We have two (narrow) capillary tubes `T_1` and `T_2` . Their lengths are `l_1` and `l_2` and radii of cross-section are `r_1` and `r_2` respectively. The rate of flow of water under a pressure difference P through tube T is `8 cm 3// sec`. If `l_1 = 2l_2` and `r_1 = r_2` what will be the rate of flow when the two tubes are connected in series and pressure difference across the combinatin is same as before `(= P)`

To solve the problem, we need to analyze the flow of water through two capillary tubes connected in series.
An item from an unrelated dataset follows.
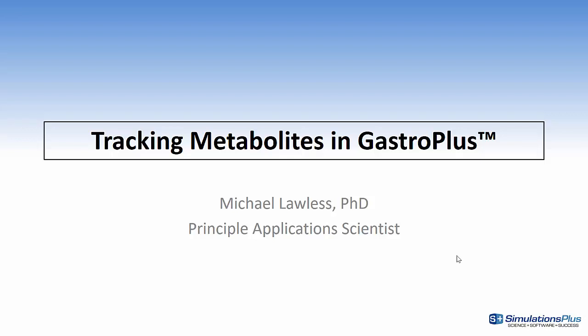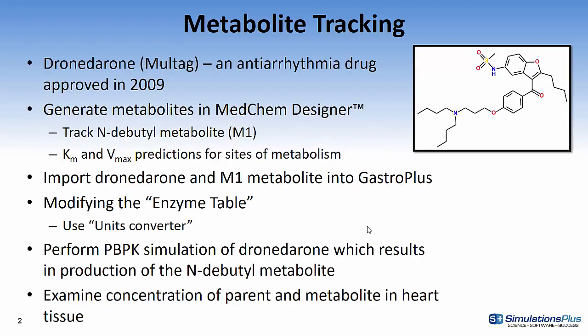Hi, this is Mike Lawless and in this video I'll discuss how to track metabolites in GastroPlus. I'll be using Dronedarone as an example.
We will use the principles of fluid dynamics, specifically Poiseuille's law, which describes the flow rate of a viscous fluid through a cylindrical pipe. ### Step-by-Step Solution: 1. **Understanding the Given Information:** - We have two capillary tubes, \( T_1 \) and \( T_2 \). - The lengths are \( l_1 \) and \( l_2 \), and the radii are \( r_1 \) and \( r_2 \). - It is given that \( l_1 = 2l_2 \) and \( r_1 = r_2 \). - The rate of flow through tube \( T_1 \) is \( Q_1 = 8 \, \text{cm}^3/\text{sec} \). 2. **Using Poiseuille's Law:** - The volume flow rate \( Q \) through a capillary tube is given by: \[ Q = \frac{P \pi r^4}{8 \eta L} \] where \( P \) is the pressure difference, \( \eta \) is the viscosity of the fluid, \( r \) is the radius, and \( L \) is the length of the tube. 3. **Finding the Resistance for Each Tube:** - The resistance \( R \) for a tube can be expressed as: \[ R = \frac{8 \eta L}{\pi r^4} \] - For tube \( T_1 \): \[ R_1 = \frac{8 \eta l_1}{\pi r_1^4} \] - For tube \( T_2 \): \[ R_2 = \frac{8 \eta l_2}{\pi r_2^4} \] 4. **Substituting the Lengths:** - Since \( l_1 = 2l_2 \) and \( r_1 = r_2 \), we can express \( R_2 \) in terms of \( R_1 \): \[ R_2 = \frac{8 \eta l_2}{\pi r^4} = \frac{8 \eta \frac{l_1}{2}}{\pi r^4} = \frac{R_1}{2} \] 5. **Calculating Total Resistance in Series:** - When the tubes are connected in series, the total resistance \( R_{\text{total}} \) is: \[ R_{\text{total}} = R_1 + R_2 = R_1 + \frac{R_1}{2} = \frac{3R_1}{2} \] 6. **Finding the New Flow Rate:** - The new flow rate \( Q_{\text{total}} \) through the combination of the two tubes can be calculated using the total resistance: \[ Q_{\text{total}} = \frac{P}{R_{\text{total}}} = \frac{P}{\frac{3R_1}{2}} = \frac{2P}{3R_1} \] - Since \( Q_1 = \frac{P}{R_1} = 8 \, \text{cm}^3/\text{sec} \), we can express \( P \) in terms of \( R_1 \): \[ P = 8R_1 \] - Substituting this into the equation for \( Q_{\text{total}} \): \[ Q_{\text{total}} = \frac{2(8R_1)}{3R_1} = \frac{16}{3} \, \text{cm}^3/\text{sec} \] ### Conclusion: The rate of flow when the two tubes are connected in series is \( \frac{16}{3} \, \text{cm}^3/\text{sec} \).